### Supplied information
= Beginning of Section =
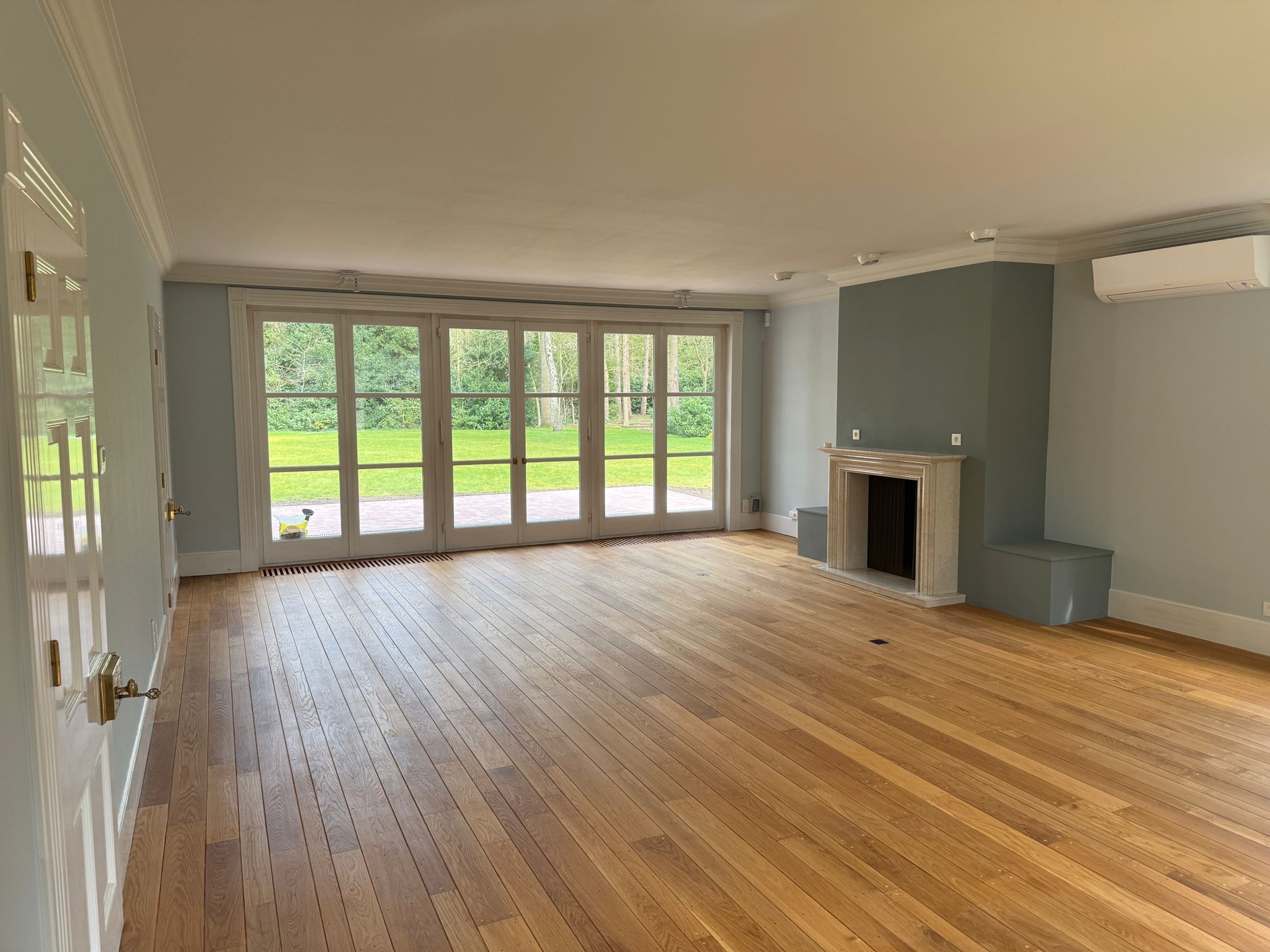 Renovatie Schietboog - Totaalproject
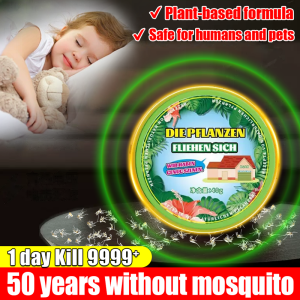 ❗❗1s kills all mosquito❗❗mosquito killer safe for baby from japan No mosquito within 500 m mosquito repellent bait mosquito repellent for room Plant Extract Natural Ingredients No Chemicals Harmless to people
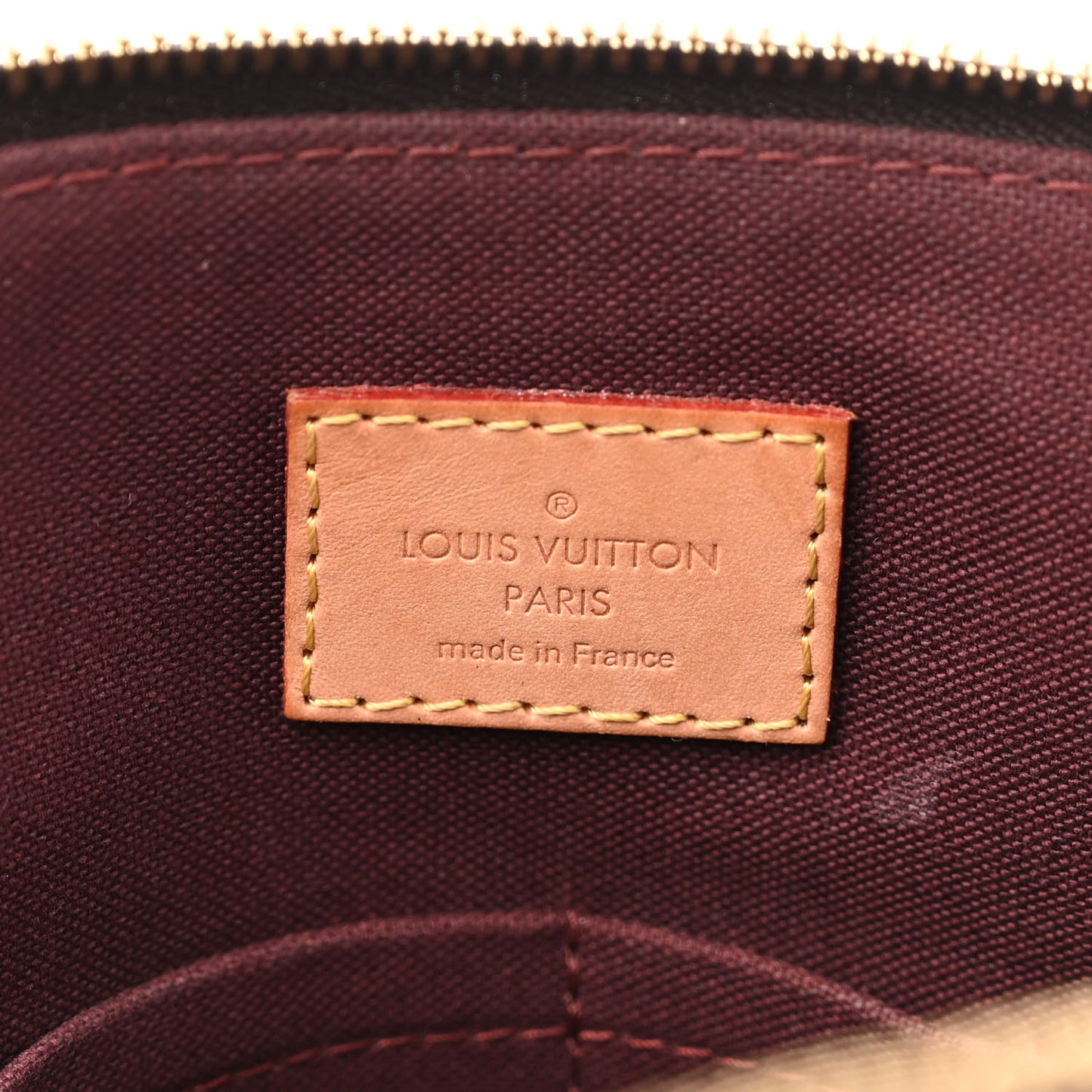 Monogram Turenne MM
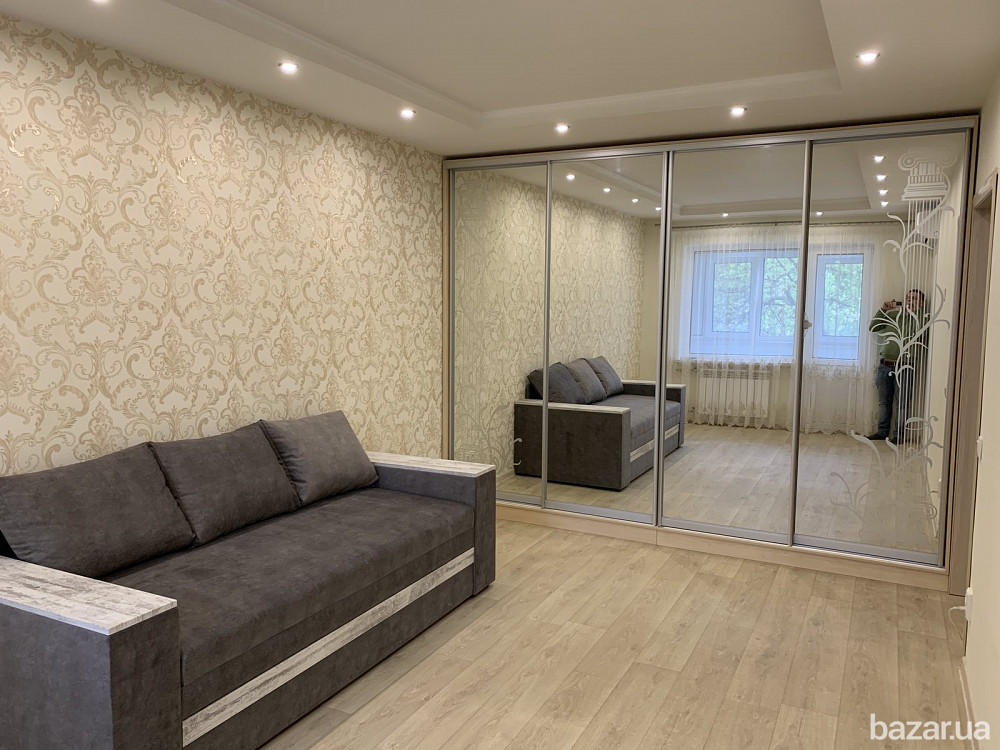 Оренда однокімнатної квартири.Євроремонт.Повна комплектація. Белая Церковь - изображение 7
= End of Section =
### Problem description
Leaving out only the pictures, reproduce the listing exactly.

### Reply to the exercise
 Renovatie Schietboog - Totaalproject
 ❗❗1s kills all mosquito❗❗mosquito killer safe for baby from japan No mosquito within 500 m mosquito repellent bait mosquito repellent for room Plant Extract Natural Ingredients No Chemicals Harmless to people
 Monogram Turenne MM
 Оренда однокімнатної квартири.Євроремонт.Повна комплектація. Белая Церковь - изображение 7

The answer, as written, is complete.